Um sicherzustellen, dass die App den tatsächlichen Bedarf der Patientinnen und -Patienten widerspiegelt, hat das Projektteam sowohl Betroffene als auch Fachpersonal in die Entwicklung einbezogen. Zuvorderst ist die Anwendung als digitaler Begleiter für die Betroffenen konzipiert – sie hat aber auch Vorteile für die Behandelnden: „Ein solches modernes Tool kann die Therapietreue unserer Patientinnen und Patienten erhöhen“, hofft Professor Opladen. „Wir können insbesondere Jugendliche und junge Erwachsene besser erreichen, für die es selbstverständlich ist, verschiedene Lebensbereiche mithilfe von Apps zu organisieren.“ Über die App gewonnene Datensätze könnten zudem anonymisiert für Forschungsarbeiten genutzt werden, sofern die Zustimmung der Nutzenden dafür vorliegt.

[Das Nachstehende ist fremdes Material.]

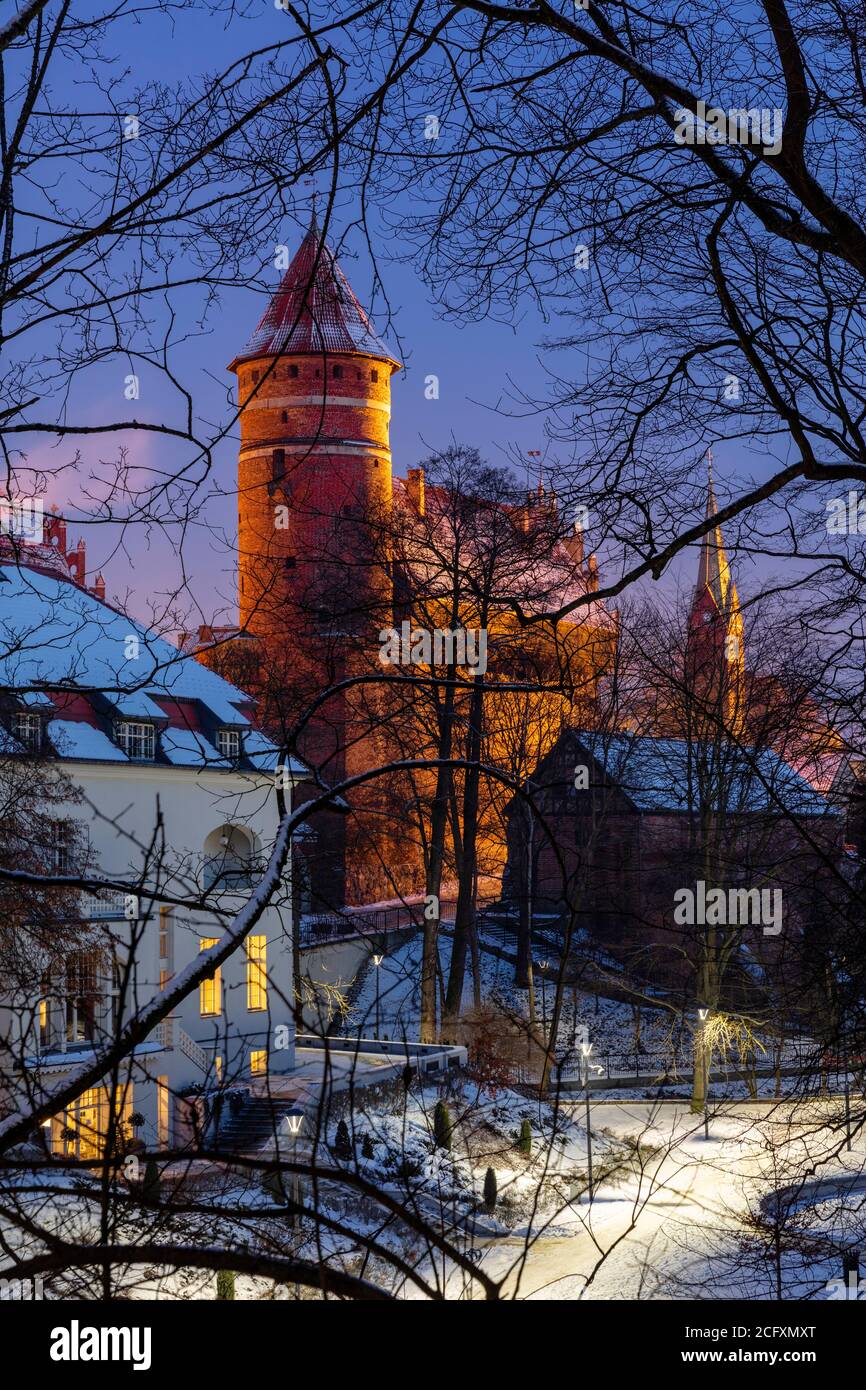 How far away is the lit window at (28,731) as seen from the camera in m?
15.3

Die Hoheit über alle Daten, die in der App und für die Plattform erhoben werden, liegt bei den Patientinnen und Patienten: Sie beziehungsweise ihre Erziehungsberechtigten entscheiden, wer auf die Gesundheitsdaten zugreifen und sie bearbeiten darf, und erteilen hierzu eine ausdrückliche Einwilligung. Alle Daten werden in einem zertifizierten Rechenzentrum in Deutschland verarbeitet, die Plattform unterliegt damit den Vorgaben der europäischen Datenschutz-Grundverordnung (DSGVO). Angeboten wird die kostenlose phenyx-App von der gemeinnützigen phenyx gUG, einem im August 2025 gegründeten Heidelberger Start-up. Professor Thomas Opladen ist einer der Geschäftsführer.

Blick in die Zukunft

Mit dem Launch von Version eins der App hört für das Projektteam die Arbeit nicht auf. Geprüft werden derzeit eine Zulassung als Medizinprodukt sowie eine sichere, automatisierte Befundübertragung direkt aus dem Laborsystem des UKHD sowie anderer Kliniken. Perspektivisch könnte die App auf weitere deutschsprachige Zentren sowie andere angeborene Stoffwechselerkrankungen ausgeweitet werden, die ebenfalls eine engmaschige Laborkontrolle und individuell angepasste Therapie erfordern.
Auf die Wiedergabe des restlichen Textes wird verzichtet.